:: Exercise aim ::
Repeat the span of the entries below that starts at the line with "Here is a case" and ends at the line with "Hello, and welcome", nothing more. Skip the pictures.

:: Materials provided ::
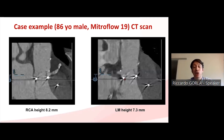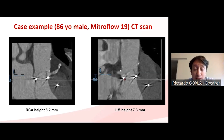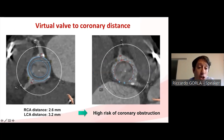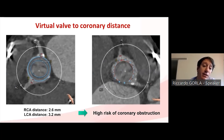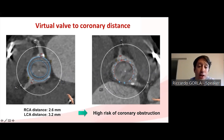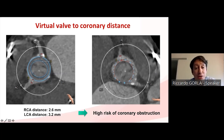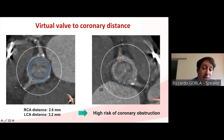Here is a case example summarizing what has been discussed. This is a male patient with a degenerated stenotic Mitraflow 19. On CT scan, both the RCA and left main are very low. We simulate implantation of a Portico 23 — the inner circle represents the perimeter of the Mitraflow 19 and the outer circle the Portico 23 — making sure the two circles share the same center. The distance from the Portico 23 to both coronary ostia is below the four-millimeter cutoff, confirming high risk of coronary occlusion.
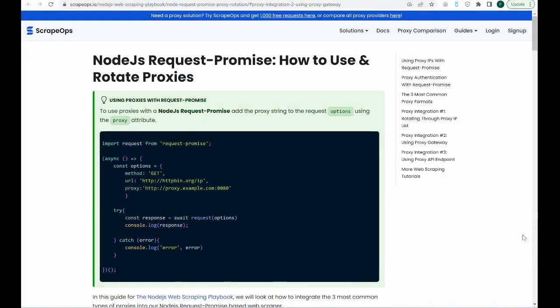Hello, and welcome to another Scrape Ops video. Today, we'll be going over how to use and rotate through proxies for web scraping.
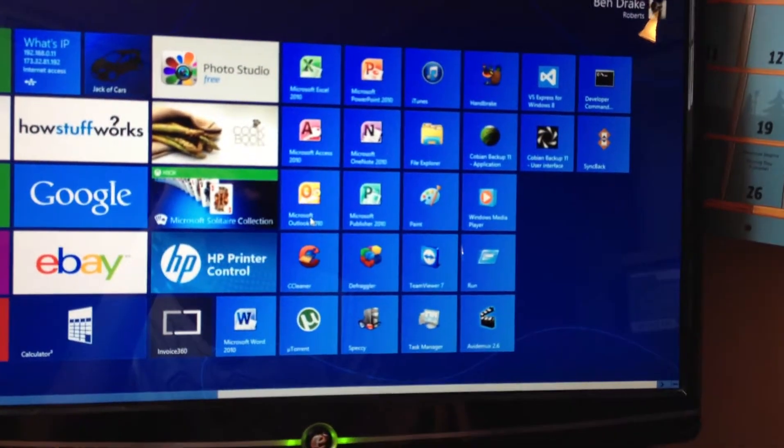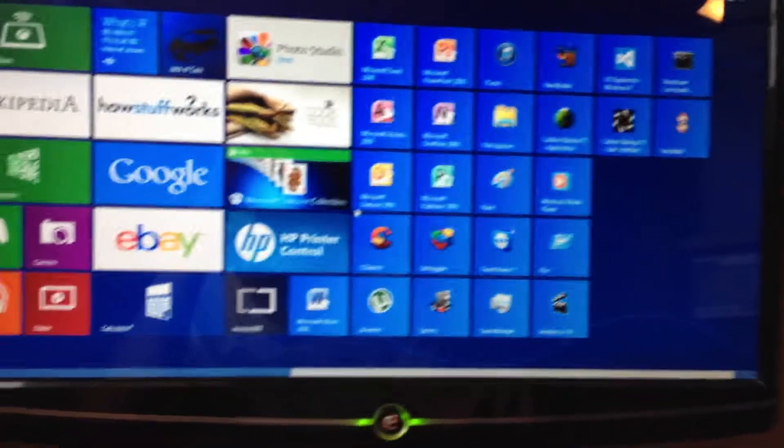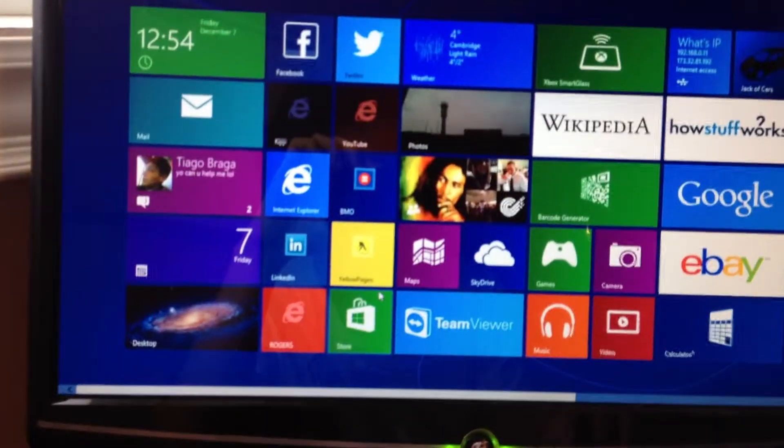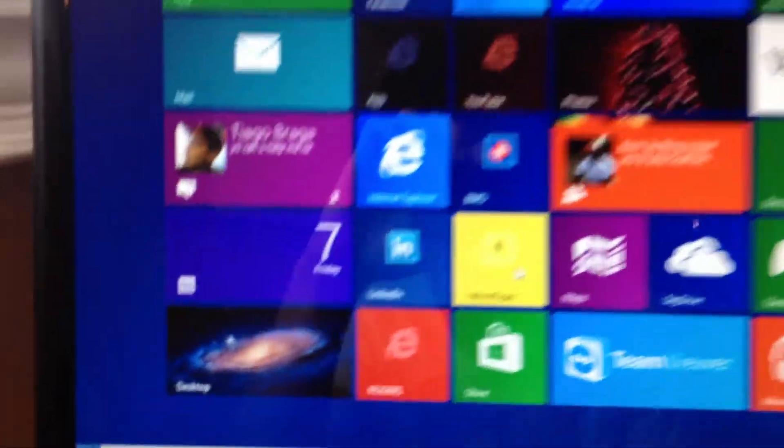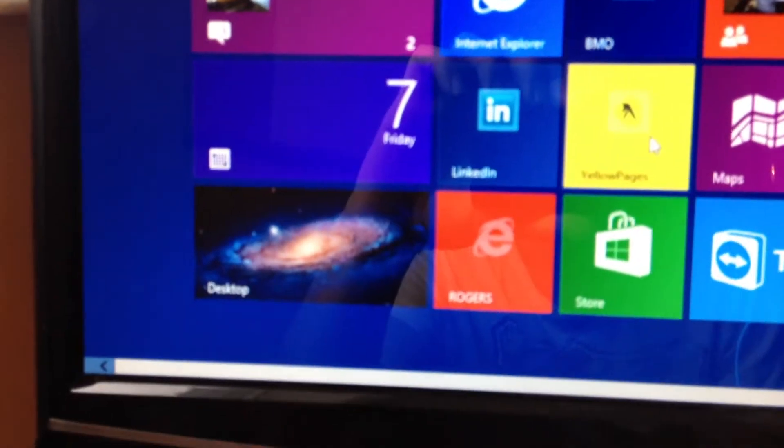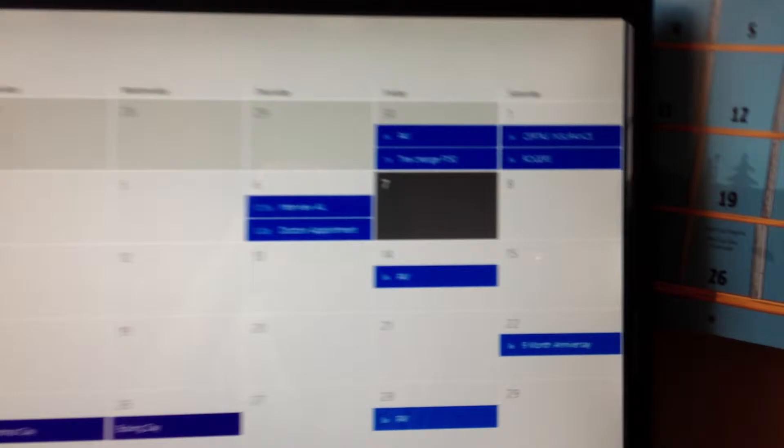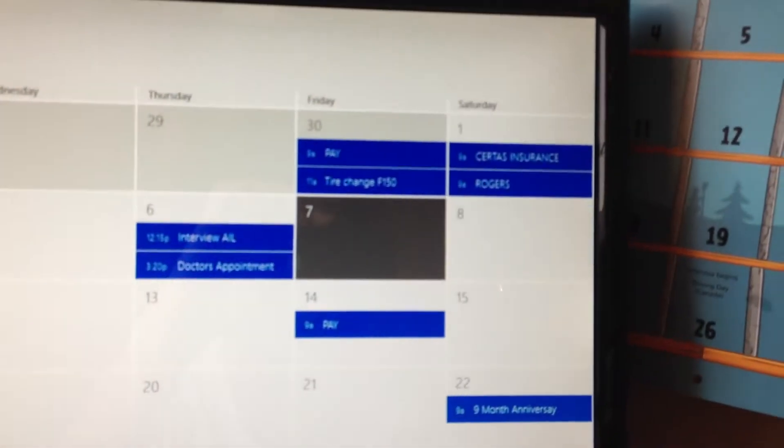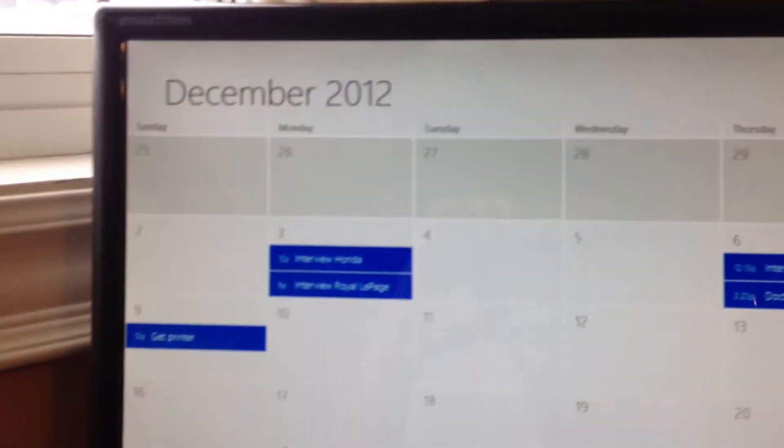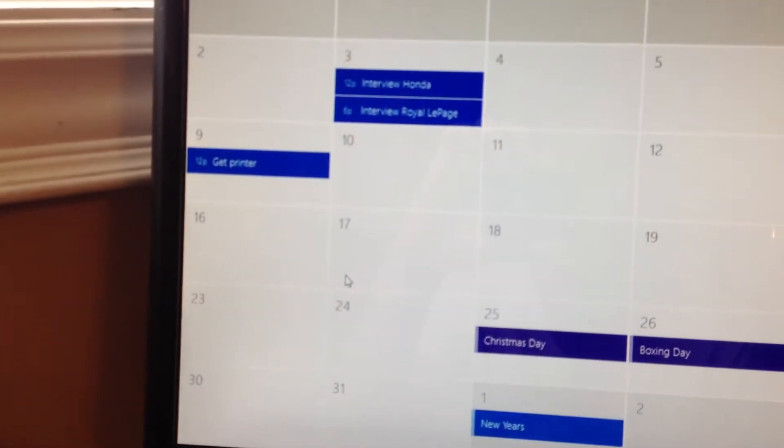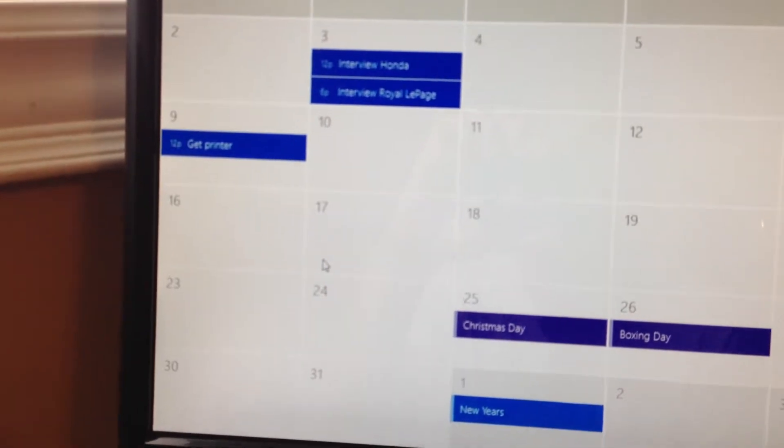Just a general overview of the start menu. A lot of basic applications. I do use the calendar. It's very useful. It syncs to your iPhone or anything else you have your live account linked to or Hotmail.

--

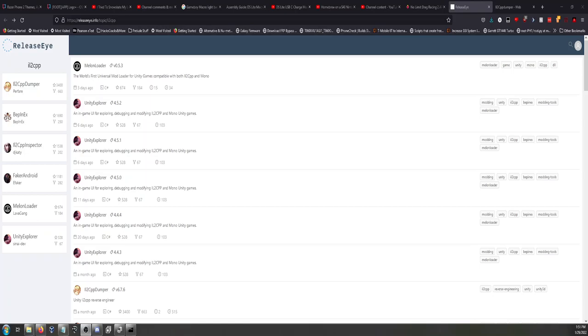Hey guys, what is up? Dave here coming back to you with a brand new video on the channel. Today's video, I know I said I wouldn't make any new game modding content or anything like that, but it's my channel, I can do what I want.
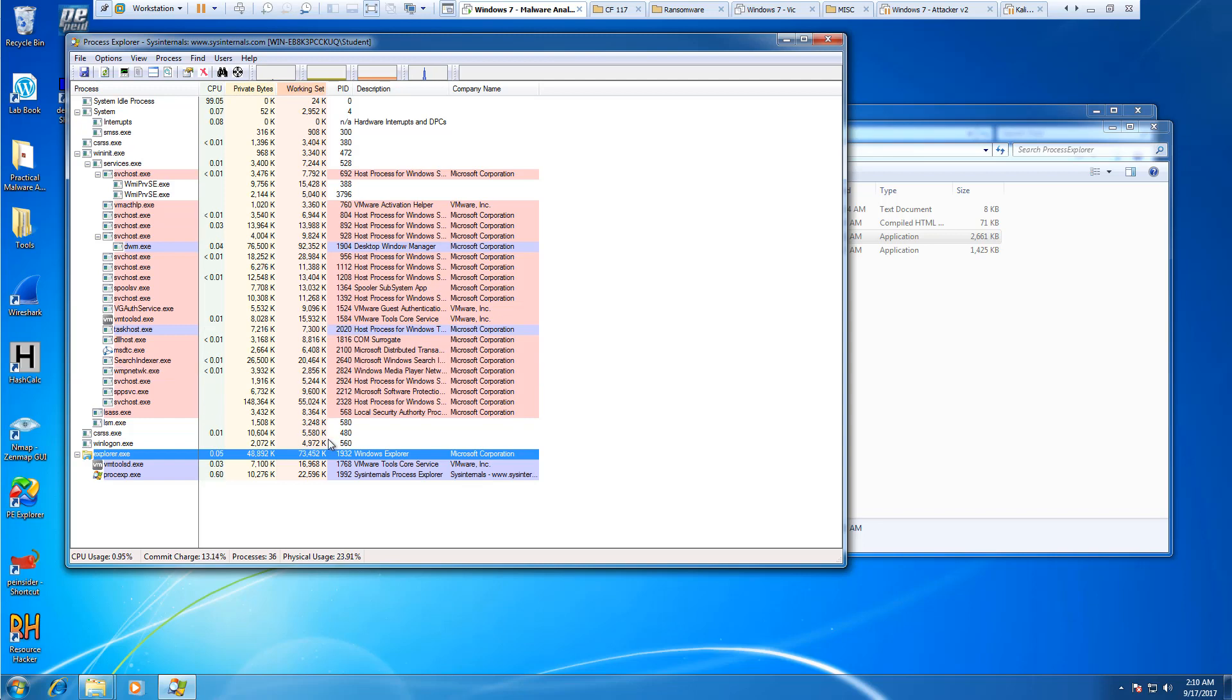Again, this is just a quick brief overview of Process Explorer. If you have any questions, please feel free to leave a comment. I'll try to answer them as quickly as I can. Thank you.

:: Response to this task ::
Here is a case example summarizing what has been discussed. This is a male patient with a degenerated stenotic Mitraflow 19. On CT scan, both the RCA and left main are very low. We simulate implantation of a Portico 23 — the inner circle represents the perimeter of the Mitraflow 19 and the outer circle the Portico 23 — making sure the two circles share the same center. The distance from the Portico 23 to both coronary ostia is below the four-millimeter cutoff, confirming high risk of coronary occlusion.
Hello, and welcome to another Scrape Ops video. Today, we'll be going over how to use and rotate through proxies for web scraping.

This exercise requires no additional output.